You can read the Department of Labor's release on this new law here. You can read the final rule here



Friday, January 12, 2024

Enhancing Transparency: New Law on Disclosure of LLC Beneficial Owners

On December 22, 2023 Governor Hochul signed Bill A3484A amending New York State's limited liability company law and the executive law. This new amendment will significantly transform the landscape of limited liability companies (LLCs) in New York. How will this bill accomplish this? By eradicating anonymous ownership of LLCs. 


This amendment defines beneficial ownership while also mandating the disclosure of beneficial owners upon the formation of an LLC, and publicizing this information in New York State's business entity database. 


This change to the law stems from concerns about the repercussions of anonymous corporate ownership. It highlights the misuse of anonymous LLCs for various illicit activities, including tax evasion, funding criminal organizations, money laundering, and even hindering routine code enforcement.


This legislative move aligns New York State with global efforts to foster transparency in corporate ownership. By mandating disclosure and establishing a public database, this change to the law aims to curtail illicit activities associated with anonymous ownership while protecting genuine privacy concerns through specific exemptions and waivers.


The transparency this law brings will save time, money, and resources for those suing an LLC. This will reduce unnecessary motion practices and other additional steps that had been required in order to determine who to serve when suing an LLC. 


This bill stands as a significant step towards a more transparent and accountable business landscape in New York State.


This law comes into effect on December 21, 2024, 365 days after being signed by the Governor. To learn more about Bill A3484A , click here


Understanding the Justice Department's Proposed Rule on Accessible Medical Diagnostic Equipment for Disability Non-Discrimination

On 1/12/24, the Justice Department announced a proposed rule revision under the Americans with Disabilities Act (ADA), targeting the accessibility of Medical Diagnostic Equipment (MDE) in state and local government entities. This move is a significant step towards ensuring that medical diagnostic equipment is accessible to all, regardless of disability. 
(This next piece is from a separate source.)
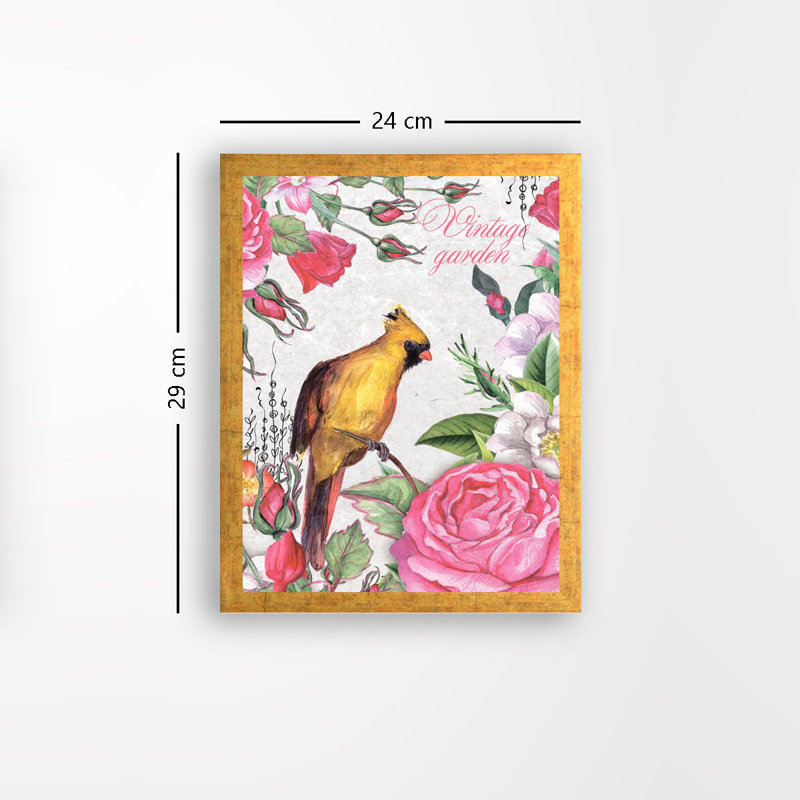 Élégante peinture encadrée décorative, 9,4 po x 11,4 po | 100% panneau de fibres à densité moyenne avec cadre 100% bois (épaisseur: 0,8 pouce) | Parfait pour la décoration intérieure, le salon ou le bureau | Art mural unique pour tout espace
The rule, proposed by the Civil Rights Division of the Department of Justice, seeks to amend title II of the ADA regulations. The primary goal is to establish explicit requirements, including technical standards, for accessible MDE provided by state and local governments. 

Key Provisions:

  • Adoption of Standards: The rule proposes adopting standards set by the Architectural and Transportation Barriers Compliance Board for MDE.
  • Scoping Requirements: Specifics on the amount and type of accessible MDE required.
  • Deadline for Comments: Stakeholders can submit comments until February 12, 2024, primarily through the electronic Federal Docket Management System.


Impact on Medical Services: The lack of accessible MDE has been a barrier for people with disabilities, often leading to compromised health care. For instance, patients with disabilities have faced challenges in accessing routine examinations like mammograms and Pap smears due to inaccessibility. This rule aims to rectify such disparities.


Public Participation: The Justice Department encourages public involvement in the rulemaking process. Comments can be submitted electronically or via mail. It's an opportunity for healthcare providers, individuals with disabilities, and other stakeholders to voice their opinions and concerns.


Implications for State and Local Governments: Entities offering medical services will need to align with these standards, ensuring that their MDE is accessible. This might involve acquiring new equipment or modifying existing setups.


Economic and Environmental Considerations: The Department invites comments on potential economic and environmental impacts of the rule. This consideration is crucial for balanced and sustainable implementation.